◆ EXERCISE GOAL: The listing below holds a line with "Balenciaga Cut Up Hooded Shirt - EUR FASHION" and a later line with "A fire burns". Write out those two lines and every line between them, exactly, and nothing else.

********************

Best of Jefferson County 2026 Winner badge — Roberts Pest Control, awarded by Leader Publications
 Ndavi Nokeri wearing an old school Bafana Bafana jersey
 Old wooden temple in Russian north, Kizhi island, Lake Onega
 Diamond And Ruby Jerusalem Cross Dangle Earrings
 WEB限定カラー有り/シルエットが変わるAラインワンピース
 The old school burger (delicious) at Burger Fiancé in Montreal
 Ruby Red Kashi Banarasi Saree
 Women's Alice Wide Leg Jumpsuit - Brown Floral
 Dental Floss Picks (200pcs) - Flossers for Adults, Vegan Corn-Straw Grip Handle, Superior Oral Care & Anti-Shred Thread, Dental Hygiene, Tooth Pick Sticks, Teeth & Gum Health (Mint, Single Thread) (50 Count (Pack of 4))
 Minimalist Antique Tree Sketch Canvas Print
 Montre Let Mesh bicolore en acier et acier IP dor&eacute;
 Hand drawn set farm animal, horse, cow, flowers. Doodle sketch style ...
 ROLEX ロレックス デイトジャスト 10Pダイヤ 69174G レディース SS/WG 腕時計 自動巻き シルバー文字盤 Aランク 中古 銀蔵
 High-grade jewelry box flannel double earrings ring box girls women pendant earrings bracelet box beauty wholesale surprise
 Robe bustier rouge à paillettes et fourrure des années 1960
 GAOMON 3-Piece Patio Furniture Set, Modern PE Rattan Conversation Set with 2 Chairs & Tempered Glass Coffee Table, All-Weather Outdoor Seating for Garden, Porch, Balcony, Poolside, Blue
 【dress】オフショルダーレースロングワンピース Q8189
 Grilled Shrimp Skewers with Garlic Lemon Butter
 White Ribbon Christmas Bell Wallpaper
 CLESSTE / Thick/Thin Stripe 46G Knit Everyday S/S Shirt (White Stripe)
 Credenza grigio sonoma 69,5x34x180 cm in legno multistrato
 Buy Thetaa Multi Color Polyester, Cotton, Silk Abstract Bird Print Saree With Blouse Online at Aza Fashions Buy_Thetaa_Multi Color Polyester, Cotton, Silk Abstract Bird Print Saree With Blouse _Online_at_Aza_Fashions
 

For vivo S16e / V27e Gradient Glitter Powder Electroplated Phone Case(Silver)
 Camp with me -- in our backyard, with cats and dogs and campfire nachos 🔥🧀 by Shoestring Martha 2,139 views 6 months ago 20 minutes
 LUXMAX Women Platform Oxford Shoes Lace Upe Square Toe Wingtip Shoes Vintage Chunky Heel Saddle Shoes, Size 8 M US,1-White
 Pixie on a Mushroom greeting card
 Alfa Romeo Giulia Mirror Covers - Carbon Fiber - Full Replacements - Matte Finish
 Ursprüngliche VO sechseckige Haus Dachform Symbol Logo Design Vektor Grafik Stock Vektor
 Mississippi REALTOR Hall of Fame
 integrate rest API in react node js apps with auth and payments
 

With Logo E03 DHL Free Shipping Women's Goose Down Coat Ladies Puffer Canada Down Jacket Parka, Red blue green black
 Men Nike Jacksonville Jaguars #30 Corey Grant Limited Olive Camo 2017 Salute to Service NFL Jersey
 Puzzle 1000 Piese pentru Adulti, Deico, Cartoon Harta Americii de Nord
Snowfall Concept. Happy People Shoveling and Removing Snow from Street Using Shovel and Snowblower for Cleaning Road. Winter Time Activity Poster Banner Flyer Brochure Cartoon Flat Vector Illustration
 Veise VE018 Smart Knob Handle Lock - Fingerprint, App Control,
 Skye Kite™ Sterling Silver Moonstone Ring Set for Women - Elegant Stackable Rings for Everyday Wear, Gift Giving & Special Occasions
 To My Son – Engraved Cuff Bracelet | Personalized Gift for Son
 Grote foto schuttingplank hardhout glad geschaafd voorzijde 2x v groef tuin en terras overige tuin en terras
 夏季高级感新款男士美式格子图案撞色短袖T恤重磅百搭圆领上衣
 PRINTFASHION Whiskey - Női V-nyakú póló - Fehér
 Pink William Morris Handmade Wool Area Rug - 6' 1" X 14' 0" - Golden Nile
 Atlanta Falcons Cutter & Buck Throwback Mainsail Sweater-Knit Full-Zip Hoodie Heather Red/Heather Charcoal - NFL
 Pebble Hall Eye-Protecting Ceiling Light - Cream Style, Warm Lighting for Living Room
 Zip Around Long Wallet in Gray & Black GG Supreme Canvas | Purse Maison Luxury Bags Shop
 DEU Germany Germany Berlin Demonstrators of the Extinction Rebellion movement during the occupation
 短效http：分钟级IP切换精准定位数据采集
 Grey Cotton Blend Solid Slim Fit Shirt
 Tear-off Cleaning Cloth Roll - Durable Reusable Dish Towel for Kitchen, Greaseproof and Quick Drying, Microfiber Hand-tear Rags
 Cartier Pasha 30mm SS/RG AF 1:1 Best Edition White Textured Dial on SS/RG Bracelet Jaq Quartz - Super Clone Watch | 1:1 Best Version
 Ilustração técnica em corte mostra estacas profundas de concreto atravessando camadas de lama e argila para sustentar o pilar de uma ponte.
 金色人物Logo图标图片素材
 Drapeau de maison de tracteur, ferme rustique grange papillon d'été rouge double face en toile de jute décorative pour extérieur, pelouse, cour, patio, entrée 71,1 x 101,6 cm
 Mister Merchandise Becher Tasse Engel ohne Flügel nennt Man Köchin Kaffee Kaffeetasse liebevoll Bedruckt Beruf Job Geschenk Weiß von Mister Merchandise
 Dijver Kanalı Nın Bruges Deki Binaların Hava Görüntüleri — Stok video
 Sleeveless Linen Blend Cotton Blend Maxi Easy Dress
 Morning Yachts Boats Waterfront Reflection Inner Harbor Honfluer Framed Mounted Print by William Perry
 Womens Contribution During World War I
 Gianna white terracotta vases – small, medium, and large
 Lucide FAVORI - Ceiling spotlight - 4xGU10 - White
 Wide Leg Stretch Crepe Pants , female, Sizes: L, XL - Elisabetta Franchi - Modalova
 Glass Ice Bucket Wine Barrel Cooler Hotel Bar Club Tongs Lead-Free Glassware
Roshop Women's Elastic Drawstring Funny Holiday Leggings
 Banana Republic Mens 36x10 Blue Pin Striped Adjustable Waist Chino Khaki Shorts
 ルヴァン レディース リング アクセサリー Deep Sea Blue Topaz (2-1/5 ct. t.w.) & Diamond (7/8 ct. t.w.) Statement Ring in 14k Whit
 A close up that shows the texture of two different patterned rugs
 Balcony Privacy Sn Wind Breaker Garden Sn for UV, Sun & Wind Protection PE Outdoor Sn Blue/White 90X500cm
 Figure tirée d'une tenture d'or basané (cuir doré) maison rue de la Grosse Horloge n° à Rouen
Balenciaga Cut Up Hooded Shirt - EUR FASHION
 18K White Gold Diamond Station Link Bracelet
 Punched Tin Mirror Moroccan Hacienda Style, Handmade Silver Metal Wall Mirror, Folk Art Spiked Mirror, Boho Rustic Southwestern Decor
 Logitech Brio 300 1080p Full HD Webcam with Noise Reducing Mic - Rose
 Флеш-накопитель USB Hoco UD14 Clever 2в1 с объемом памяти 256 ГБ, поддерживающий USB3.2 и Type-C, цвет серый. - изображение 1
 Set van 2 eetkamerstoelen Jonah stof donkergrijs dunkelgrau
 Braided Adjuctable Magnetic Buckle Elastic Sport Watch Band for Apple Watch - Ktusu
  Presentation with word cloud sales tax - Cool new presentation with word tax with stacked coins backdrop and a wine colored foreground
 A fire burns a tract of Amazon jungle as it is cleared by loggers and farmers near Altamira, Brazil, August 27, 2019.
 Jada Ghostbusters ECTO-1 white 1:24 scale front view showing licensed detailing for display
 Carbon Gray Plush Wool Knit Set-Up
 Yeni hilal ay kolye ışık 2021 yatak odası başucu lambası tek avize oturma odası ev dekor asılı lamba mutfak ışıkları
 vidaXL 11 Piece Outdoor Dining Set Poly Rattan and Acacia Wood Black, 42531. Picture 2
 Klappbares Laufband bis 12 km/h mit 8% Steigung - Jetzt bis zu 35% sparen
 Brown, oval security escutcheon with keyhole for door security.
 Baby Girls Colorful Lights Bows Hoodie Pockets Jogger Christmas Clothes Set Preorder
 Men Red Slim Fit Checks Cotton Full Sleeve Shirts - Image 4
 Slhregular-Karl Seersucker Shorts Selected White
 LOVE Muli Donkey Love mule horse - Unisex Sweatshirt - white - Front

********************

◆ ANSWER SECTION:
Balenciaga Cut Up Hooded Shirt - EUR FASHION
 18K White Gold Diamond Station Link Bracelet
 Punched Tin Mirror Moroccan Hacienda Style, Handmade Silver Metal Wall Mirror, Folk Art Spiked Mirror, Boho Rustic Southwestern Decor
 Logitech Brio 300 1080p Full HD Webcam with Noise Reducing Mic - Rose
 Флеш-накопитель USB Hoco UD14 Clever 2в1 с объемом памяти 256 ГБ, поддерживающий USB3.2 и Type-C, цвет серый. - изображение 1
 Set van 2 eetkamerstoelen Jonah stof donkergrijs dunkelgrau
 Braided Adjuctable Magnetic Buckle Elastic Sport Watch Band for Apple Watch - Ktusu
  Presentation with word cloud sales tax - Cool new presentation with word tax with stacked coins backdrop and a wine colored foreground
 A fire burns a tract of Amazon jungle as it is cleared by loggers and farmers near Altamira, Brazil, August 27, 2019.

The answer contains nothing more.